Copy all entries without alteration and skip the pictures they hold.
** TASK DATA follows **
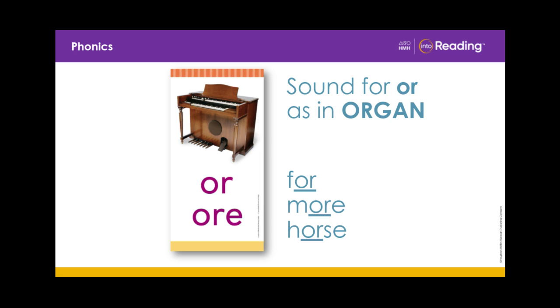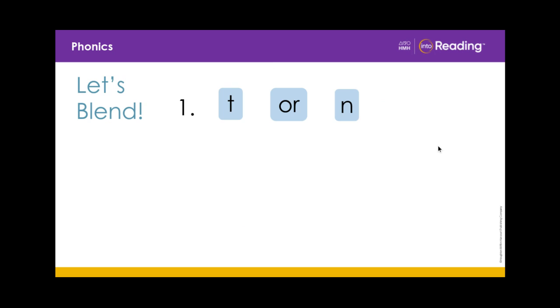The silent E has a lot of jobs. Can you think of any other words with the OR sound? Now let's blend some words. We are going to blend the letters in line one to read a word. Remember, the letters O-R together stand for the R-controlled vowel OR. Say the sounds with me and let's blend.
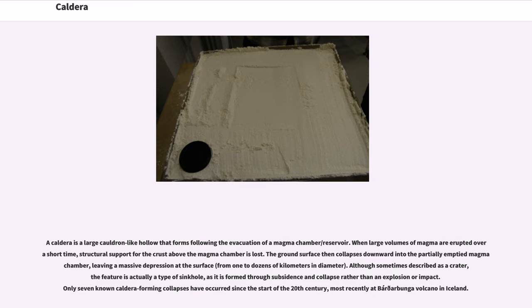A caldera is a large cauldron-like hollow that forms following the evacuation of a magma chamber or reservoir. When large volumes of magma are erupted over a short time, structural support for the crust above the magma chamber is lost. The ground surface then collapses downward into the partially emptied magma chamber, leaving a massive depression at the surface from one to dozens of kilometers in diameter. Although sometimes described as a crater, the feature is actually a type of sinkhole, as it is formed through subsidence and collapse rather than an explosion or impact.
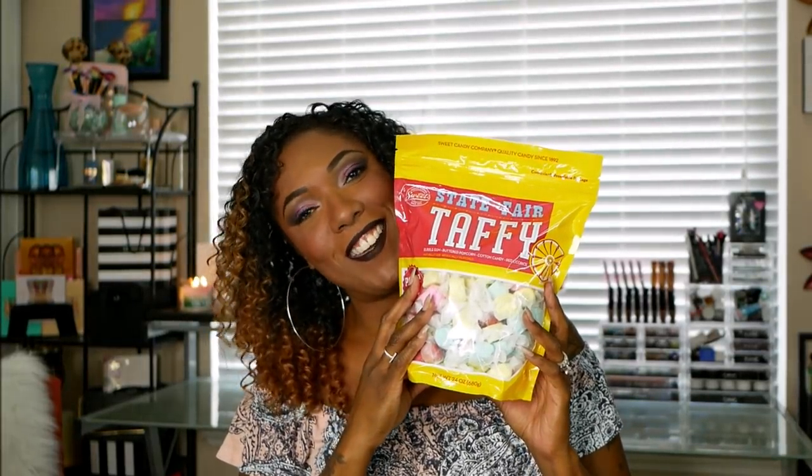I also picked up this big bag of State Fair taffy. Don't judge me - taffy, like salt water taffy, is actually one of my favorite candies. Love, love, love it, and I haven't had any of this stuff in years. So I went ahead and grabbed this bag because it was just sitting there on the shelf. There are some interesting flavors in here: bubble gum, buttered popcorn, cotton candy, and red licorice. It was $4.99 for this whole bag, which would probably last me a good while since I just throw some in my candy jar.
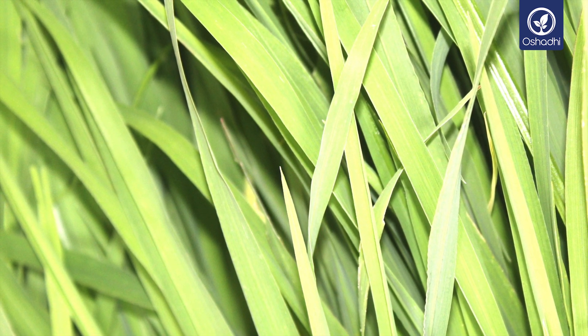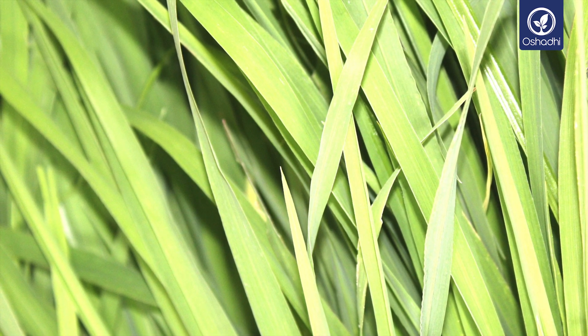Already the tender outer appearance of the Palmarosa grass is a kind of signature, symbolizing its gentle properties to guide us in a very soft way to inner and outer healing.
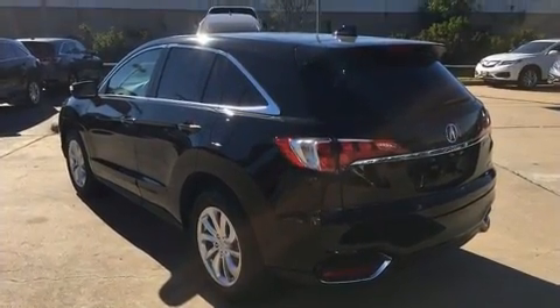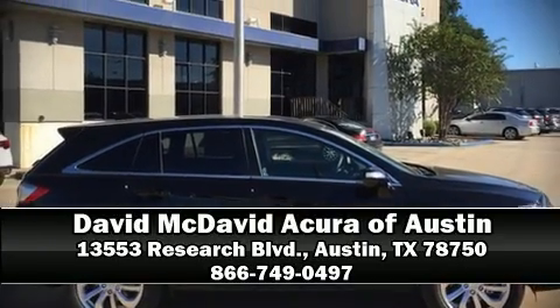Our sales reps are knowledgeable and professional. Come on in and take a test drive.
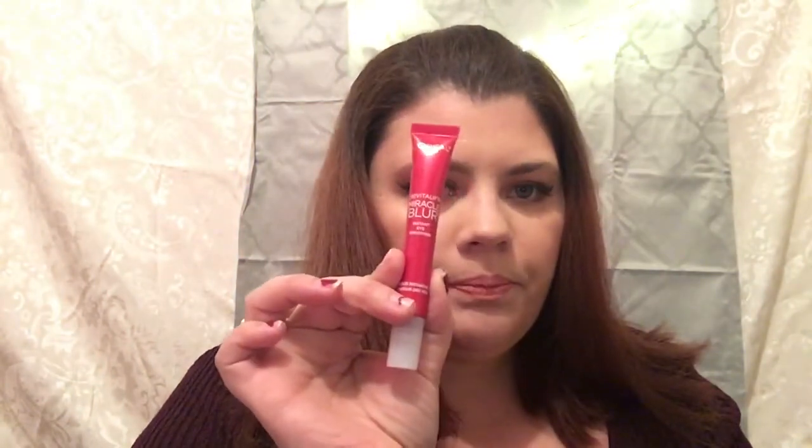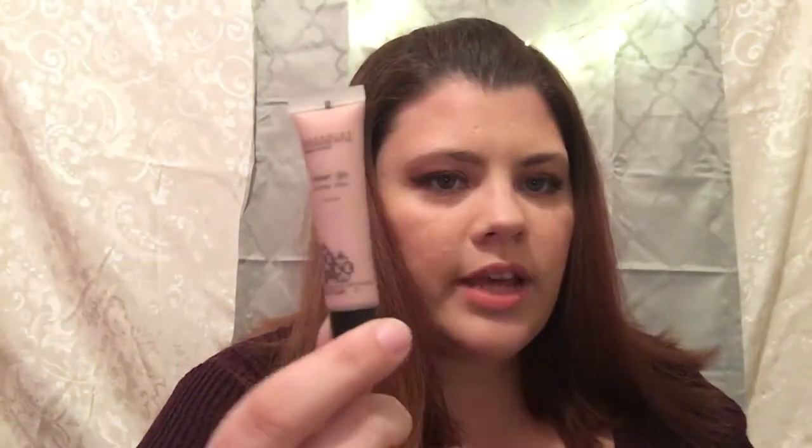The next item is from L'Oreal — it is the Revitalift Milk Miracle Blur Instant Eye Smoother. There is also a Sheer Glow Shimmer Lotion from Mana Kadar — you can add it in with your foundation and it just adds a really pretty glow to your face. There's also a little sample of the Smashbox Photo Finish Foundation Primer.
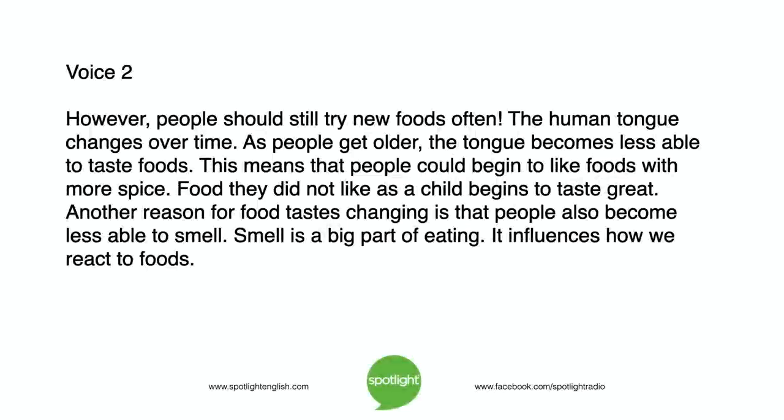However, people should still try new foods often. The human tongue changes over time. As people get older, the tongue becomes less able to taste foods. This means that people could begin to like foods with more spice.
** End of TASK DATA **
* REPLY TO THE TASK
The silent E has a lot of jobs. Can you think of any other words with the OR sound? Now let's blend some words. We are going to blend the letters in line one to read a word. Remember, the letters O-R together stand for the R-controlled vowel OR. Say the sounds with me and let's blend.
A caldera is a large cauldron-like hollow that forms following the evacuation of a magma chamber or reservoir. When large volumes of magma are erupted over a short time, structural support for the crust above the magma chamber is lost. The ground surface then collapses downward into the partially emptied magma chamber, leaving a massive depression at the surface from one to dozens of kilometers in diameter. Although sometimes described as a crater, the feature is actually a type of sinkhole, as it is formed through subsidence and collapse rather than an explosion or impact.
I also picked up this big bag of State Fair taffy. Don't judge me - taffy, like salt water taffy, is actually one of my favorite candies. Love, love, love it, and I haven't had any of this stuff in years. So I went ahead and grabbed this bag because it was just sitting there on the shelf. There are some interesting flavors in here: bubble gum, buttered popcorn, cotton candy, and red licorice. It was $4.99 for this whole bag, which would probably last me a good while since I just throw some in my candy jar.
Already the tender outer appearance of the Palmarosa grass is a kind of signature, symbolizing its gentle properties to guide us in a very soft way to inner and outer healing.
Our sales reps are knowledgeable and professional. Come on in and take a test drive.
The next item is from L'Oreal — it is the Revitalift Milk Miracle Blur Instant Eye Smoother. There is also a Sheer Glow Shimmer Lotion from Mana Kadar — you can add it in with your foundation and it just adds a really pretty glow to your face. There's also a little sample of the Smashbox Photo Finish Foundation Primer.
However, people should still try new foods often. The human tongue changes over time. As people get older, the tongue becomes less able to taste foods. This means that people could begin to like foods with more spice.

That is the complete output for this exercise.